*Work to complete*: Of all the entries below, retype only the lines from the one with "Printed leather and shearling hood Printed" through the one with "egg3 Luxury Travel", exactly as they appear.

*Dataset records*:
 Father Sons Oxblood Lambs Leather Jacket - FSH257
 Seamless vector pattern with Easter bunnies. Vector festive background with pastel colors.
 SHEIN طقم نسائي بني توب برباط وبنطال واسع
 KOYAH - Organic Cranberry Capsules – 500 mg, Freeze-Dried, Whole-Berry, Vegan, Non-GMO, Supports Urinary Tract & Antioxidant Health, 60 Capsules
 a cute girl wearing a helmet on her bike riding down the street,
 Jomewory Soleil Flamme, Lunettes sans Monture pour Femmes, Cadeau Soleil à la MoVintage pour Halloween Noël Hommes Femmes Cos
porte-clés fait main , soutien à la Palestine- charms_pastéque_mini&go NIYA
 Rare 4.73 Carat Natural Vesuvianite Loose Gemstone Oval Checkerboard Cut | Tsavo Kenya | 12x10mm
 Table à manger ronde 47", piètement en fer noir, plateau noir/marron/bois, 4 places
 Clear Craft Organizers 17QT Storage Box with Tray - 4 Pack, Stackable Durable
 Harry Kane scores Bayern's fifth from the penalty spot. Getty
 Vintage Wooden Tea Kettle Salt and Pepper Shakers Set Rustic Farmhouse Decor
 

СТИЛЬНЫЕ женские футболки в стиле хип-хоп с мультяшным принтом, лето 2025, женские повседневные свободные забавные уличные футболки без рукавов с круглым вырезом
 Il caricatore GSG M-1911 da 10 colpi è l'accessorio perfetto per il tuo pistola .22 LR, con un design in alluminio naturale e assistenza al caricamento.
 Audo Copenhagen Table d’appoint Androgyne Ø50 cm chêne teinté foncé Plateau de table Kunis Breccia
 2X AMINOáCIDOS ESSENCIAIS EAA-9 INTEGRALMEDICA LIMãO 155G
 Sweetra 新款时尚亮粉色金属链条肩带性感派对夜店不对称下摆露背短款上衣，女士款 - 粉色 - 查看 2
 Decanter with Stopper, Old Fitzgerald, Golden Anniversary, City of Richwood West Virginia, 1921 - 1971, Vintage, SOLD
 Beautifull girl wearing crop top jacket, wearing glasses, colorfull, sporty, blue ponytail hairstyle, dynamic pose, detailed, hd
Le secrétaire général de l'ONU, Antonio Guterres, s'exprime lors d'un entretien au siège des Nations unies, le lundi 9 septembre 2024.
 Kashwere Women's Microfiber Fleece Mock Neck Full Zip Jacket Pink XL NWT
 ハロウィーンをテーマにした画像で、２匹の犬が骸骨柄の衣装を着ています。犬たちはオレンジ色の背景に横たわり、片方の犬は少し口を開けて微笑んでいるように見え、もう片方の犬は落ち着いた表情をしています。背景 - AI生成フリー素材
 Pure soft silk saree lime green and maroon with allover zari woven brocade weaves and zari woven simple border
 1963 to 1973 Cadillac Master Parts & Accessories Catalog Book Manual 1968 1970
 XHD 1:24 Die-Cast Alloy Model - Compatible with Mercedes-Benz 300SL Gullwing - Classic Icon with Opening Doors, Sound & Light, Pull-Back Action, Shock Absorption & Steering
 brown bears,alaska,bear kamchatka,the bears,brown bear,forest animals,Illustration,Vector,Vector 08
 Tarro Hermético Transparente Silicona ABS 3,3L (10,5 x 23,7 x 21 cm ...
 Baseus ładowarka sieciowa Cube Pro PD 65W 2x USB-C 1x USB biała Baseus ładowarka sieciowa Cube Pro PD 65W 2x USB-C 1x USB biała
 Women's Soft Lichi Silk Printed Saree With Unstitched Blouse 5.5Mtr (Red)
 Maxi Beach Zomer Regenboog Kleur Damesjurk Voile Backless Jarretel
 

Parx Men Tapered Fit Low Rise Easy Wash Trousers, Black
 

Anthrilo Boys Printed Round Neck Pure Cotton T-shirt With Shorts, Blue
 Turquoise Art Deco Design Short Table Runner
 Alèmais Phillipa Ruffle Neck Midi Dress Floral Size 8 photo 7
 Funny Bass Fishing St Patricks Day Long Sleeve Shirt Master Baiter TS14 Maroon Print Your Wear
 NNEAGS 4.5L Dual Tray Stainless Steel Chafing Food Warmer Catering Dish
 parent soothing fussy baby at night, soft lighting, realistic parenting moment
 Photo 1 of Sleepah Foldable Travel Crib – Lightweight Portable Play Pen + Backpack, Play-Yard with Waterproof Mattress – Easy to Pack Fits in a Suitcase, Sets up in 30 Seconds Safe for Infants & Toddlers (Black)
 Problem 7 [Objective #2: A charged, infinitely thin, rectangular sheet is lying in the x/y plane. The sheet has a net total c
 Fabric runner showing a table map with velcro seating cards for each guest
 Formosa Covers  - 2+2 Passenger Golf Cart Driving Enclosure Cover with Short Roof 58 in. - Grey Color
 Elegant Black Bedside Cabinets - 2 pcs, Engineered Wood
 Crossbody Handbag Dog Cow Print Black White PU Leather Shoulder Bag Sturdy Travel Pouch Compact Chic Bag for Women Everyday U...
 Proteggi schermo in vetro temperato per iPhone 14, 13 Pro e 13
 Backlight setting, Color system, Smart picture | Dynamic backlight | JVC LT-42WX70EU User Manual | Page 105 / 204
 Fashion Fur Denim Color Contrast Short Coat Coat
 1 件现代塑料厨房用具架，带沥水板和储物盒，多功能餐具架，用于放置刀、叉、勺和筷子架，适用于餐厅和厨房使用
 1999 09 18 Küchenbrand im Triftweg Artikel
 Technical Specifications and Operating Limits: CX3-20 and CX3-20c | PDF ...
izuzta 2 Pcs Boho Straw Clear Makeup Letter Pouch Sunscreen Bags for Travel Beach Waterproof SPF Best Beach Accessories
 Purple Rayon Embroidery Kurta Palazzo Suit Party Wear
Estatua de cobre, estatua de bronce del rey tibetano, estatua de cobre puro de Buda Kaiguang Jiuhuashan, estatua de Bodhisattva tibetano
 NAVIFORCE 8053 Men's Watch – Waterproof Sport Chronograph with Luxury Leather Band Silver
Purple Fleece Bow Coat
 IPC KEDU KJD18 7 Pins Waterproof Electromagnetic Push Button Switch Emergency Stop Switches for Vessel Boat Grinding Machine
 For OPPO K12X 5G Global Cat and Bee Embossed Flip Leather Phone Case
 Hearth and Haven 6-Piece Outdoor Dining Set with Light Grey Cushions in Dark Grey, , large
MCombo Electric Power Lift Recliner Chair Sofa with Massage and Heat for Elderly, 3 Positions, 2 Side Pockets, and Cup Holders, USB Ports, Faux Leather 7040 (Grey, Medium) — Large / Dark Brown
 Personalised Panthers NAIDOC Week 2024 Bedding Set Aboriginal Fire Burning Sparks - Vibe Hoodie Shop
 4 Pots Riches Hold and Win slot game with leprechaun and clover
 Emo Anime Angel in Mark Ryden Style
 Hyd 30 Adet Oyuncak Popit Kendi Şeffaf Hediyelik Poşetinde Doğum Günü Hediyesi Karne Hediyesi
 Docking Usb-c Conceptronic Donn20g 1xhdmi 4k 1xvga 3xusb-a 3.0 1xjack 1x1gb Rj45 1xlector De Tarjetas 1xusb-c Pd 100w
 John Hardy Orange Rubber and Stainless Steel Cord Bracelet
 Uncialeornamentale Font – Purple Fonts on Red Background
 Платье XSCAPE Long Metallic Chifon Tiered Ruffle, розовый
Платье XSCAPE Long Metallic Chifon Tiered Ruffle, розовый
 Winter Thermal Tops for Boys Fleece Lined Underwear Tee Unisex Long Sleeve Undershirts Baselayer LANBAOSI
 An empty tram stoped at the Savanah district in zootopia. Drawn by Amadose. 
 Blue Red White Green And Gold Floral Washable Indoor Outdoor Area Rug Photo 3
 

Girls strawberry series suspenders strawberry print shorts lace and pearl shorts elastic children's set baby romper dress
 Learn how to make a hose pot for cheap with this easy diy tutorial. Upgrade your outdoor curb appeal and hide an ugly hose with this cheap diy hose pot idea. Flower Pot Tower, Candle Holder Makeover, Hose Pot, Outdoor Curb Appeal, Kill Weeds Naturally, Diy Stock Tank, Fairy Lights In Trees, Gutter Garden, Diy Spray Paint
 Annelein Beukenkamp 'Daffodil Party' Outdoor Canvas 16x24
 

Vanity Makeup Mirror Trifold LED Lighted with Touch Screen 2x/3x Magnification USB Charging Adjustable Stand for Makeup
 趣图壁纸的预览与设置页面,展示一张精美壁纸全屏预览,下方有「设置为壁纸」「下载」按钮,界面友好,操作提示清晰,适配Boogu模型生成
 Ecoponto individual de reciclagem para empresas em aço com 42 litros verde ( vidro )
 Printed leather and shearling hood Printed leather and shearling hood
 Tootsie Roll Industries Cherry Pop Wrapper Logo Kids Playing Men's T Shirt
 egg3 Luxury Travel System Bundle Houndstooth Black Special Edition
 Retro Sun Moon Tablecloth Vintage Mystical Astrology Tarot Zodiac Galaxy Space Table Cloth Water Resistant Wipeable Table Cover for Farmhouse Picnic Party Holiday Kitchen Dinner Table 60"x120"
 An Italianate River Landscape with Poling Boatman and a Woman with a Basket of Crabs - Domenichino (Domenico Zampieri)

*Result of the task*:
 Printed leather and shearling hood Printed leather and shearling hood
 Tootsie Roll Industries Cherry Pop Wrapper Logo Kids Playing Men's T Shirt
 egg3 Luxury Travel System Bundle Houndstooth Black Special Edition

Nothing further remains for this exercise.